Dr. Łukasz Nowak is convinced that traditional stethoscopes do not allow picking up sounds from the body in an optimal way. He believes that the acoustic signals can be digitally processed, so that the doctor can more specifically determine what is going on in your body. The stethoscope would enhance the most important features of the sound so that the human ear can perceive it better, and make any deviations from the norm easier to notice during a quick examination, even in noisy environments.

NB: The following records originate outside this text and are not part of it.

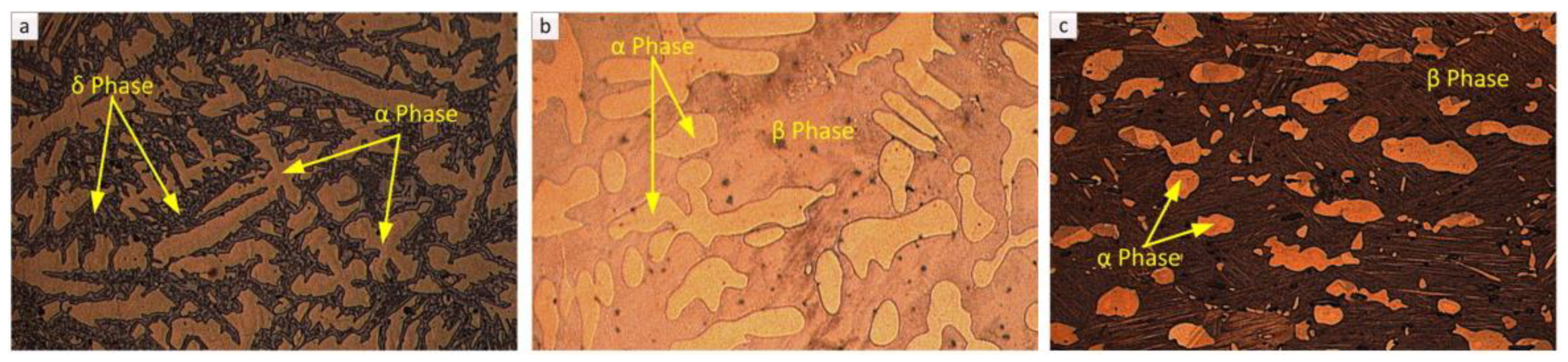 Metals 12 01776 g004 Metals 12 01776 g004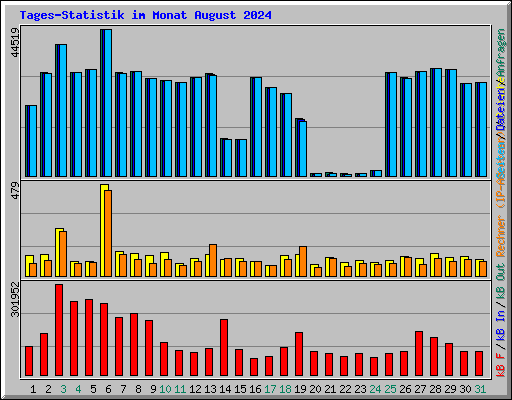 Tages-Statistik im Monat August 2024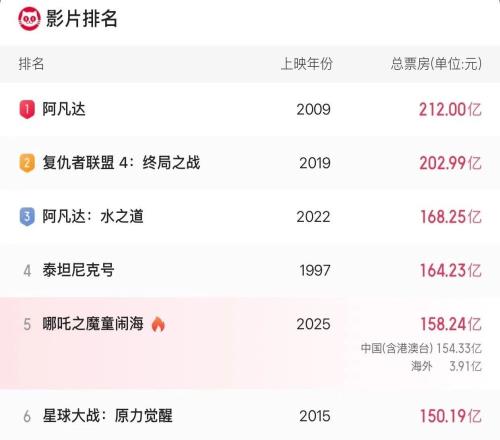 《哪吒2》總票房突破158億元排名全球影史票房第五
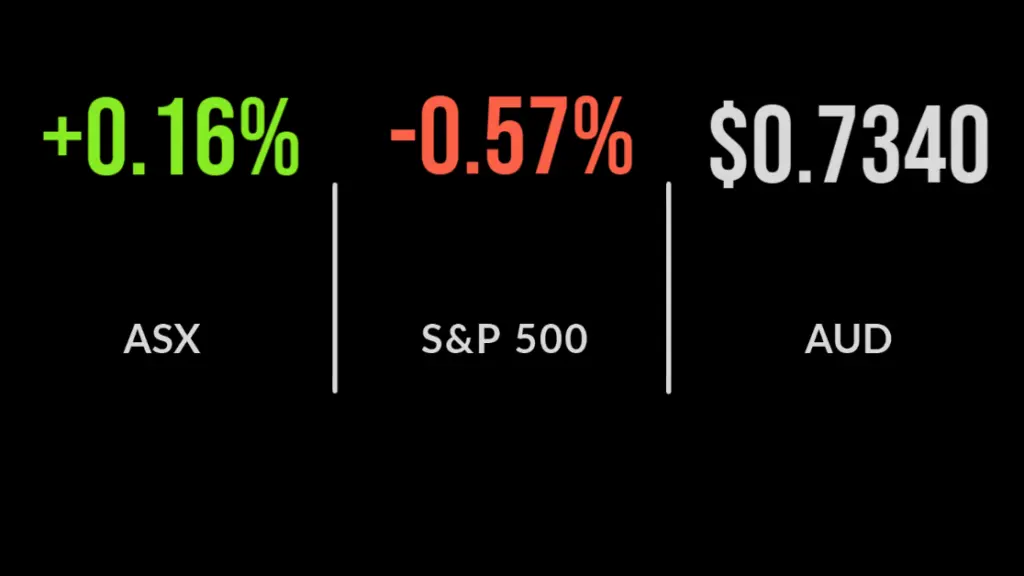 ASX closes 0.2% higher despite Brambles plunge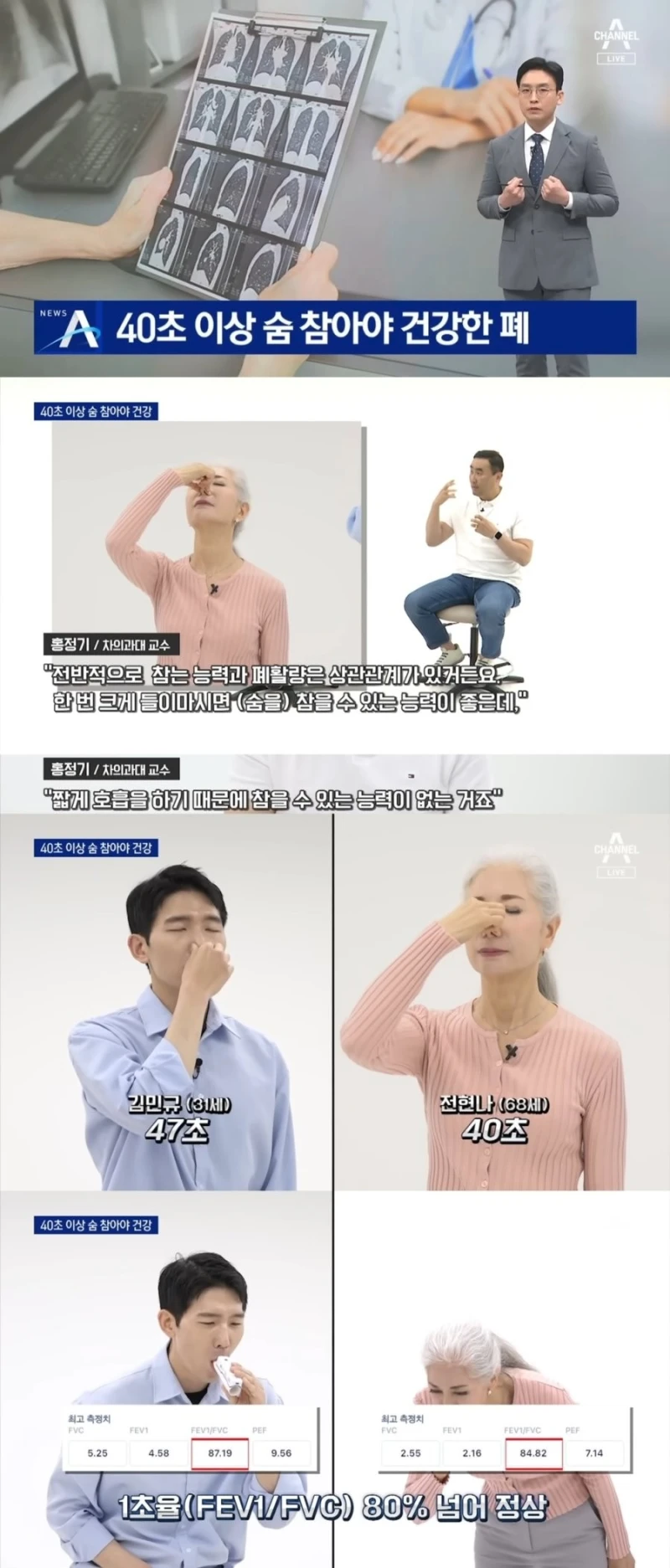 40초 이상 숨 참으면 '건강한 폐'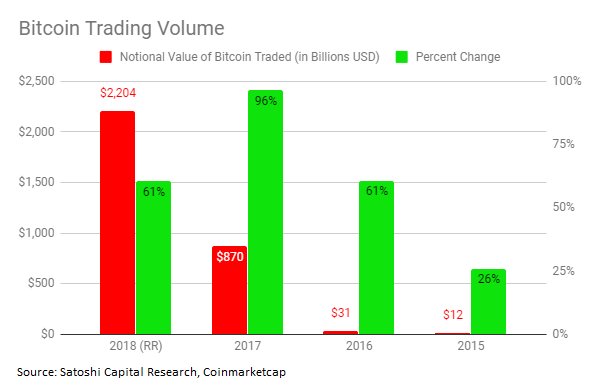 volume bitcoin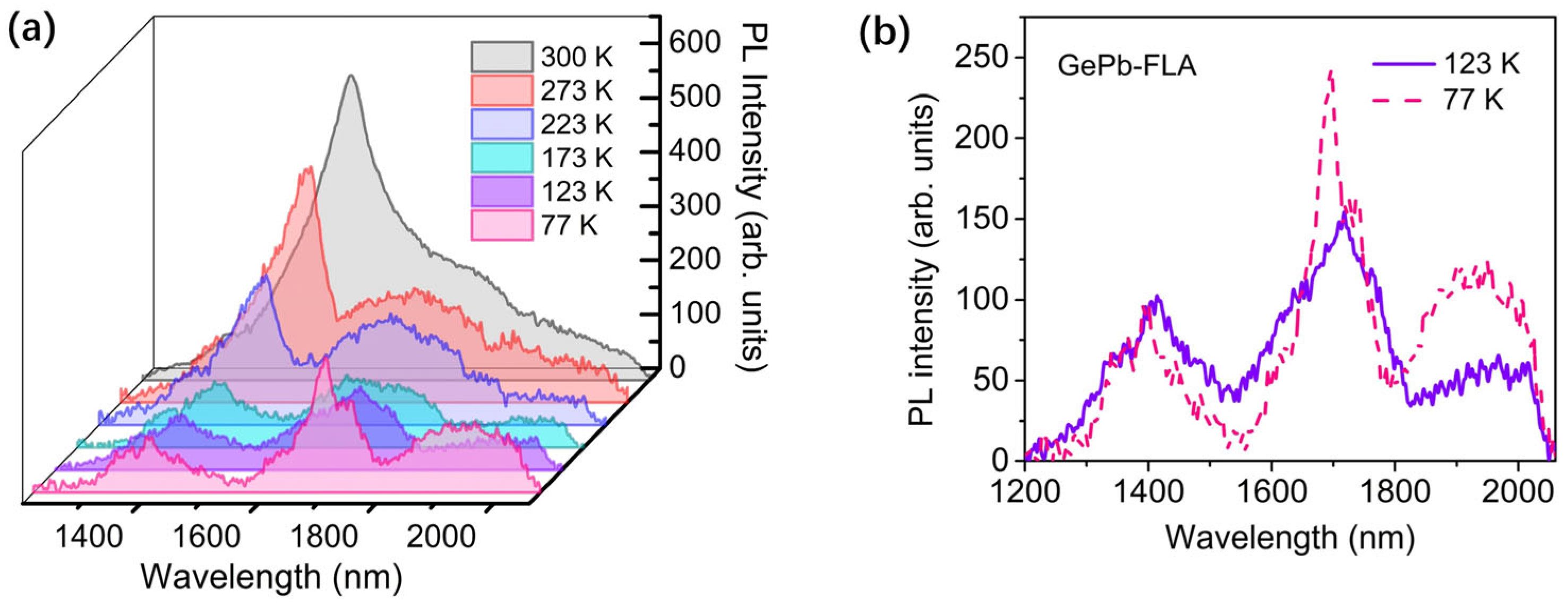 Materials 18 02258 g006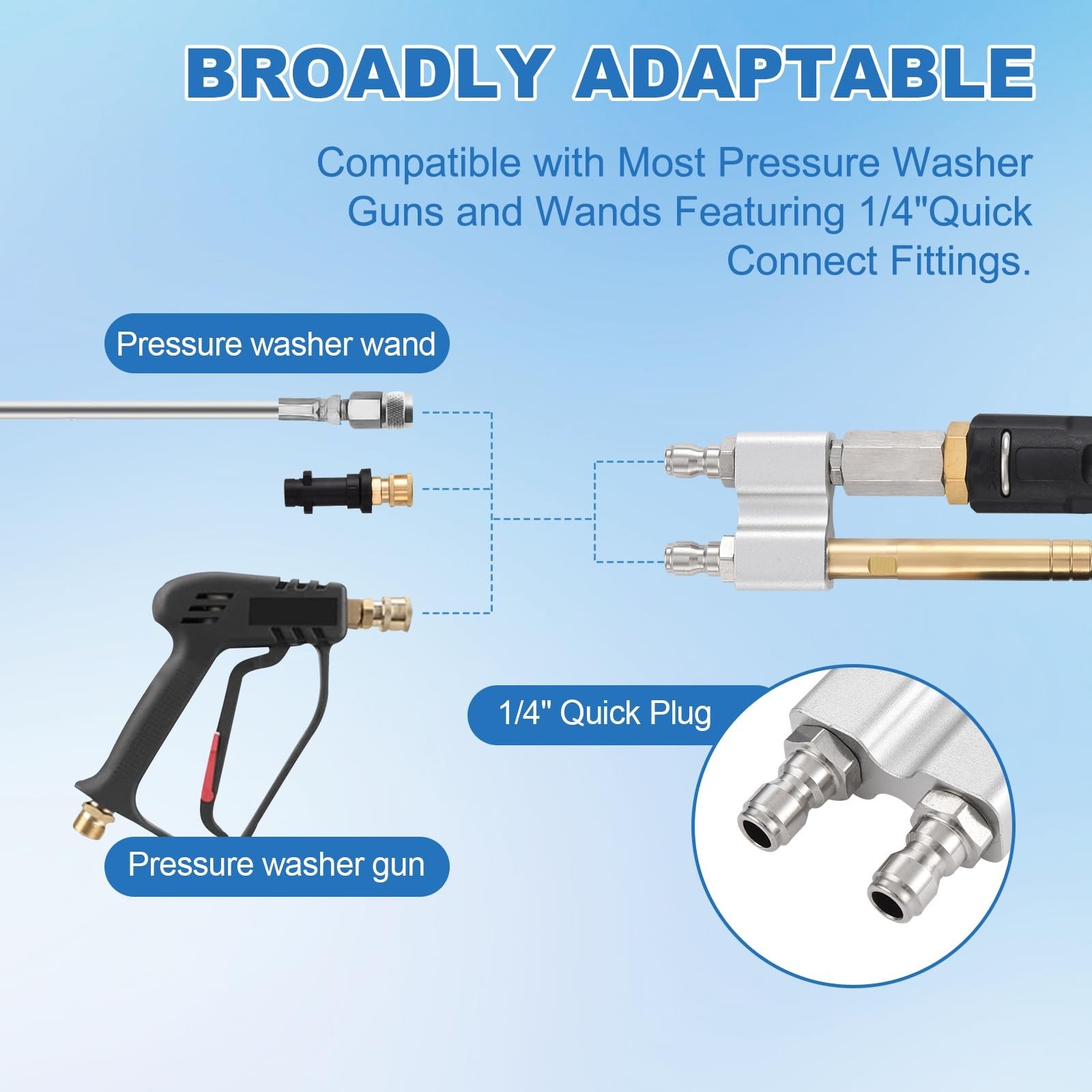 2-in-1 Adjustable Pressure Washer Nozzle, 0-60° Spray, 1700-6000 PSI, Quick Conn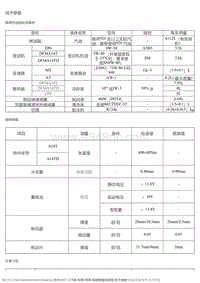 2018风神AX7 维修数据和规格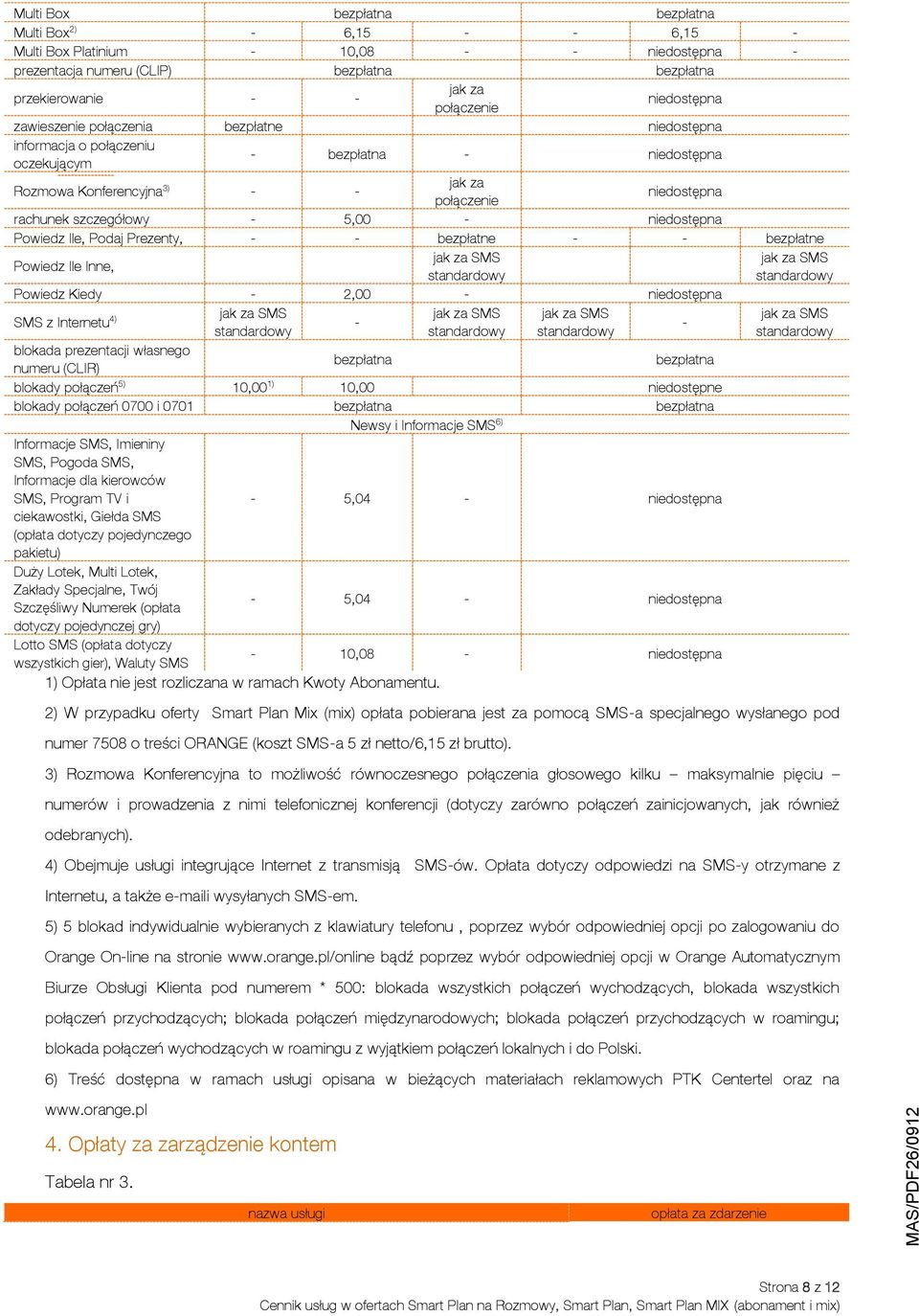 niedostępna Powiedz Ile, Podaj Prezenty, - - - - Powiedz Ile Inne, jak za SMS jak za SMS Powiedz Kiedy - 2,00 - niedostępna SMS z Internetu 4) jak za SMS - jak za SMS jak za SMS blokada prezentacji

The processing Nowak wants to apply to sound can be compared to photo editing. Specialists working with photos can extract new information from images by using filters - for example by increasing image contrast or saturation. This may reveal certain previously unnoticeable details. Similar procedure may be applied to sound: filters and digital processing may make some details become clearer to the human ear. First, however, researchers have to find algorithms that will help in the work of doctors. That is exactly the objective of Dr. Nowak’s team.
"We\'re going against grain" - admitted the acoustics expert. He explained that although many research groups worldwide are working on new generations of stethoscopes, their ideas are usually based on collect acoustic signals from the body and feeding them to a computer, which - instead of a doctor - would interpret these signals and diagnose. Meanwhile, according to Dr. Nowak, this solution would not satisfy doctors nor patients. According to the acoustics expert, it is important that the stethoscope remains a simple, portable device that would help the physician to quickly make initial diagnosis.
Polish team focused on a different aspect of improving the stethoscope - on adjusting the signal from the device to the physical capacity of the human ear and to how sounds are received in the brain. This would leave diagnosis and interpretation of the results in the hands of doctors. After all, diagnosis is based not only on the acoustic signals from the body, but also on the observation of the patient and interview.
"Our problem is that in our research we need to combine their clinical knowledge with knowledge of acoustics, psychoacoustics, and sound propagation in the human body" - said Dr. Nowak. He admitted that it is difficult to find in the common language. "For example, doctor tells us that in the acoustic signal from a stethoscope it is important whether he can hear any wheezing. We must determine what kind of wheezing he meant and examine what these sounds are characterized by" - said Dr. Nowak.
Dr. Nowak reminded that today doctors use stethoscope examination to initially detect cardiac murmurs in newborns. Only in 40 percent children who are referred for further examination, a significant disorder is confirmed. "I know first hand what the parents are going through while waiting to see a cardiologist with their child. In my daughter - on the basis of a stethoscope examination - doctor also wrongly suspected a heart defect" - admitted the acoustics expert. He added that the device imperfections sometimes may result in the opposite situation: doctors may miss defects in children who should be referred for further treatment. According to Dr. Nowak, effectiveness of these preliminary examinations could be improved by modern devices that he is developing.
"Perhaps because of our research, in some time it turns out that a doctor with classic stethoscope will look like an engineer with a slide rule looks today?" - concluded the scientist.
The project "New Methods and Technologies of Acoustic Medical Diagnosis" is implemented under the LEADER program of the National Center for Research and Development. The work is only starting, and it will continue for three years.